» **Extracted entries**
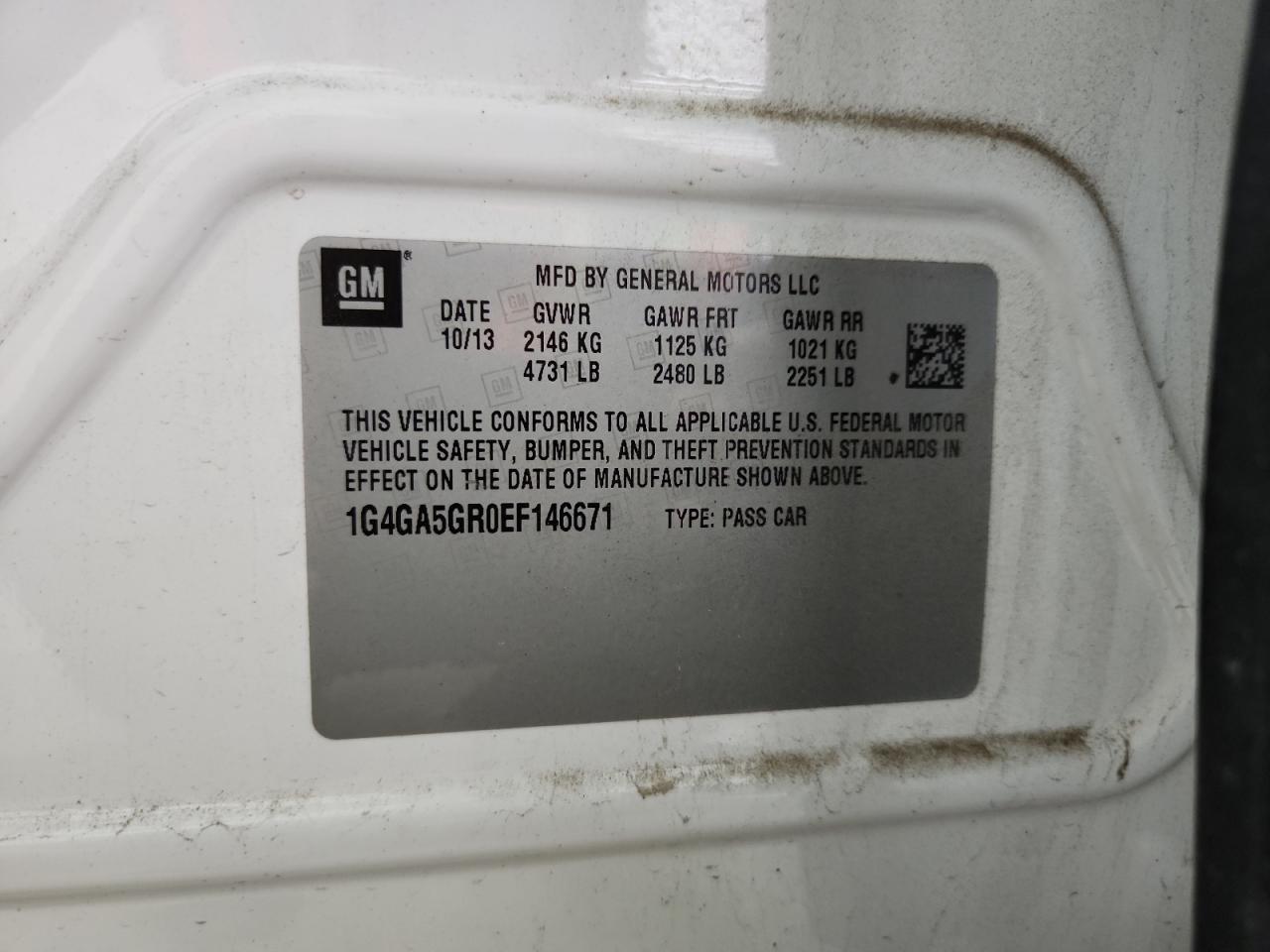 2014 Buick Lacrosse VIN: 1G4GA5GR0EF146671 Lot: 83989145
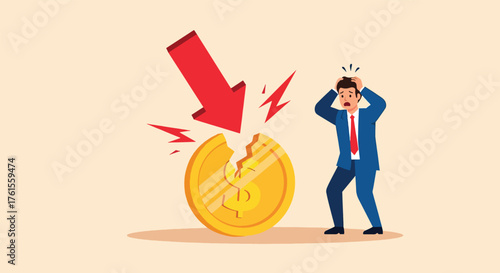 Businessman reacts in distress as a large red arrow crashes into and breaks a gold coin.
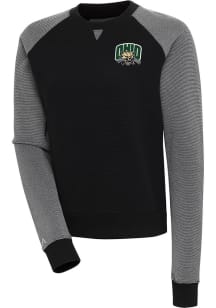 Antigua Ohio Bobcats Womens Black Flier Bunker Crew Sweatshirt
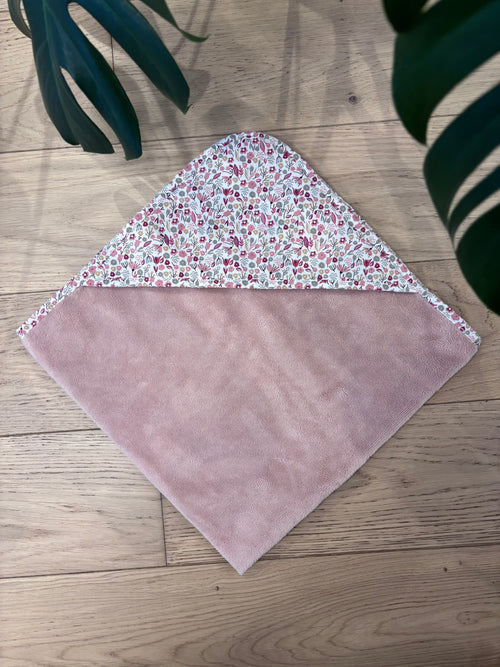 Cape de bain rose clair/fleurettes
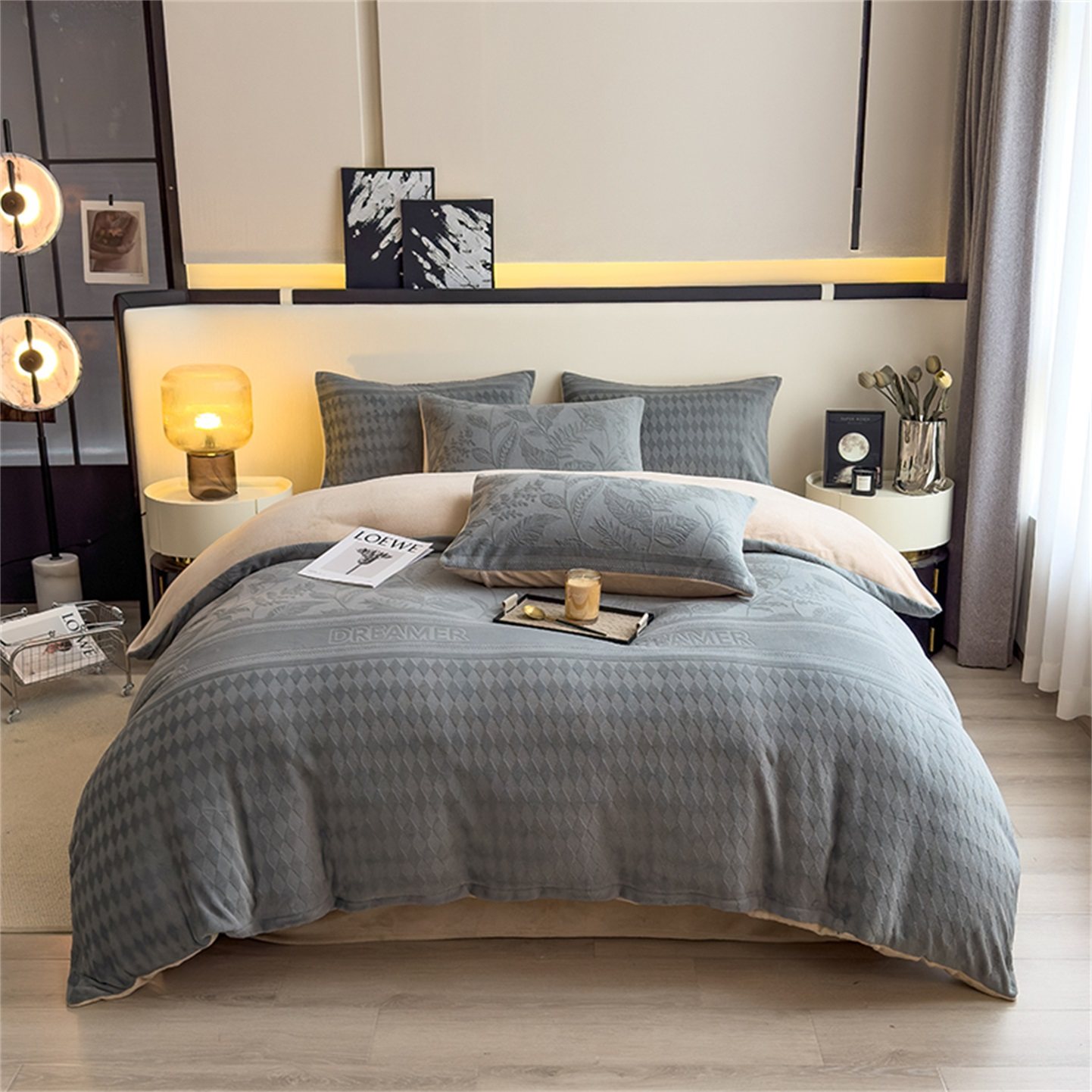 四件套灰色简约现代床品套件被套床单枕套厚款冬季保暖牛奶绒纯色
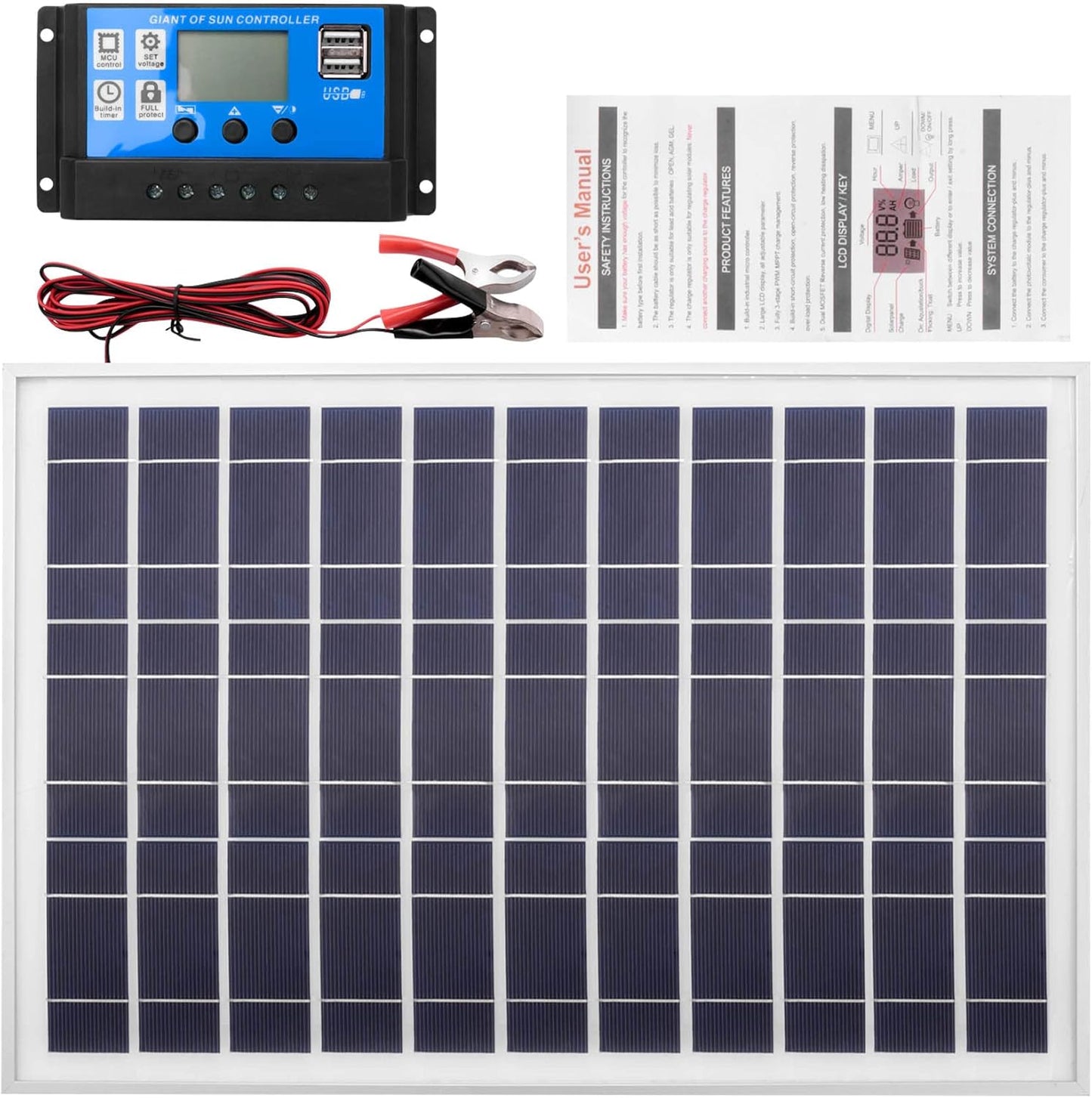 JUMYNOOY 30W 12V Solar Panel Battery Charger+40A Controller for RV Car Boat Home Camping, Black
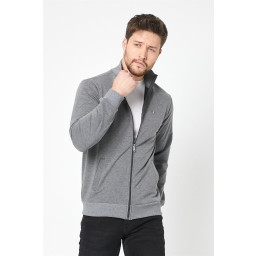 جاكيت رجالي أنثراسيت بقصة عادية بسحاب وتطريز وجيوب Men's Anthracite Regular Fit Zippered Cardigan with Embroidery and Pockets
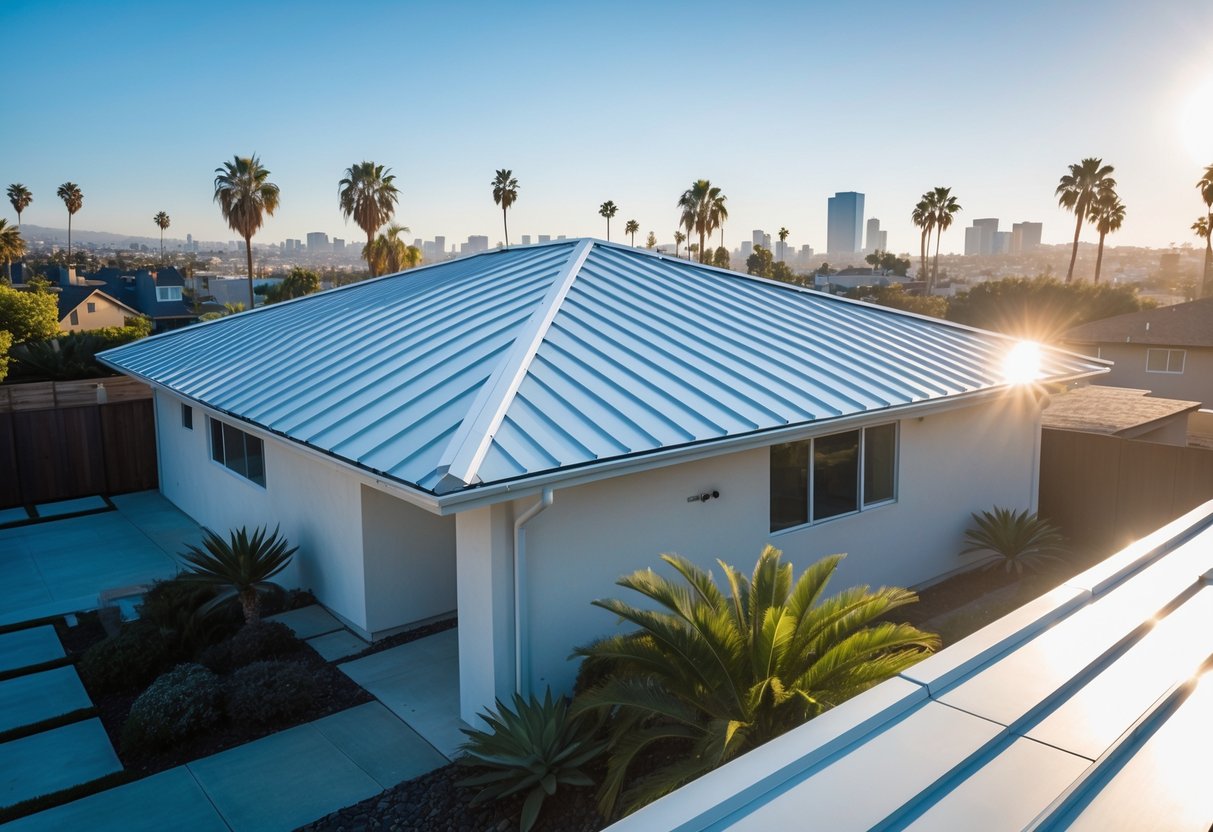 A modern house in Los Angeles with a shiny metal roof surrounded by palm trees and clear blue sky.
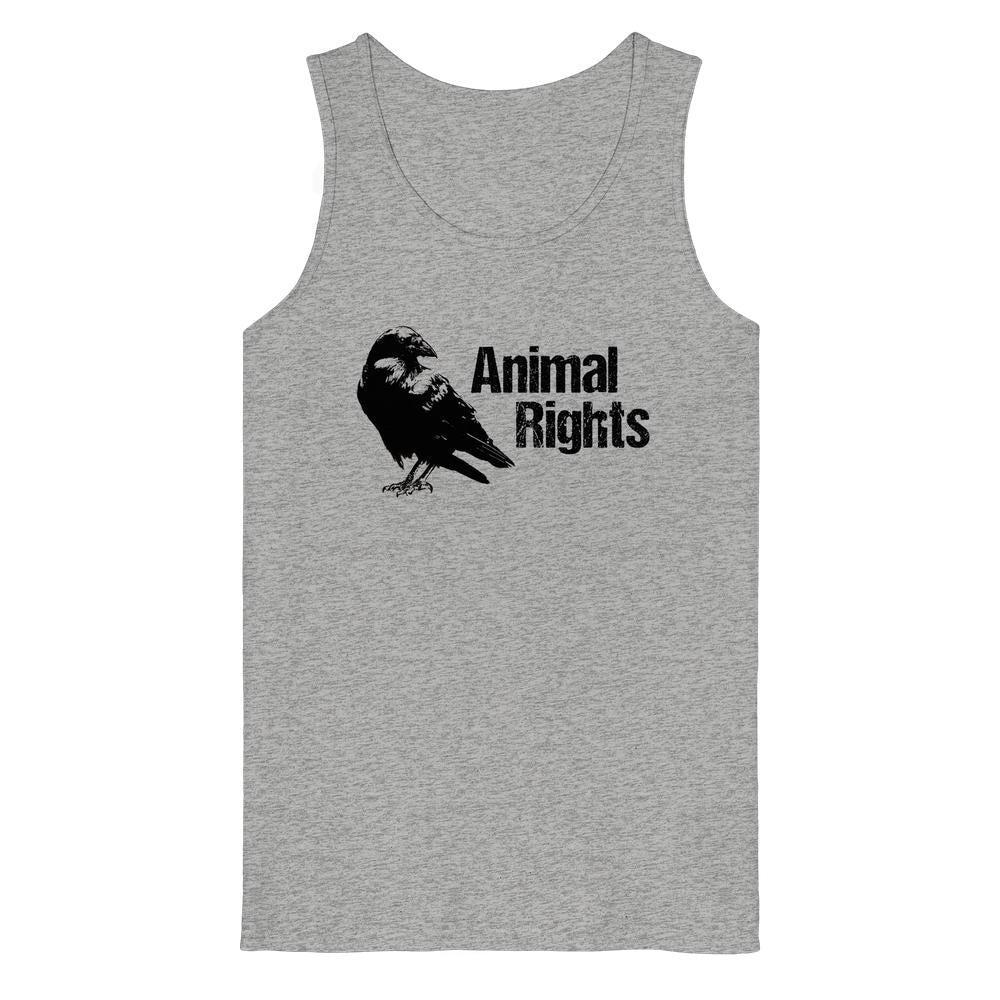 Heather-graues Tanktop aus Bio-Baumwolle, mit schwarzem Rabengrafik und „Animal Rights“-Schriftzug; verkörpert Tierrechte und Naturschutz, passend zur rebellischen RUDE REBEL Philosophie.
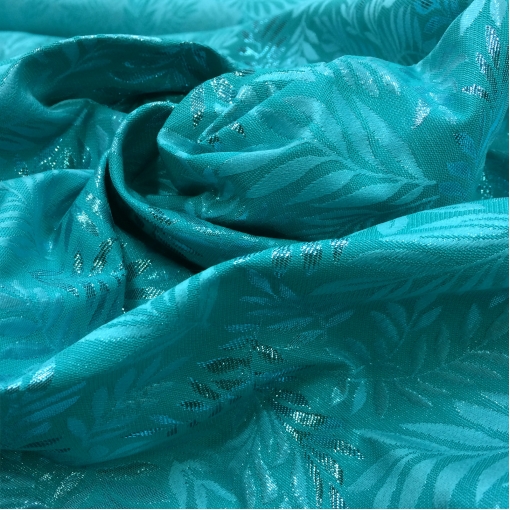 Жаккард нарядный цвета голубой бирюзы с люрексом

» **Your assignment**
Pictures excluded, output exactly the line that contains "Heather-graues Tanktop aus" and every line after it to the end of the data above.

» **Answer to the exercise**
 Heather-graues Tanktop aus Bio-Baumwolle, mit schwarzem Rabengrafik und „Animal Rights“-Schriftzug; verkörpert Tierrechte und Naturschutz, passend zur rebellischen RUDE REBEL Philosophie.
 Жаккард нарядный цвета голубой бирюзы с люрексом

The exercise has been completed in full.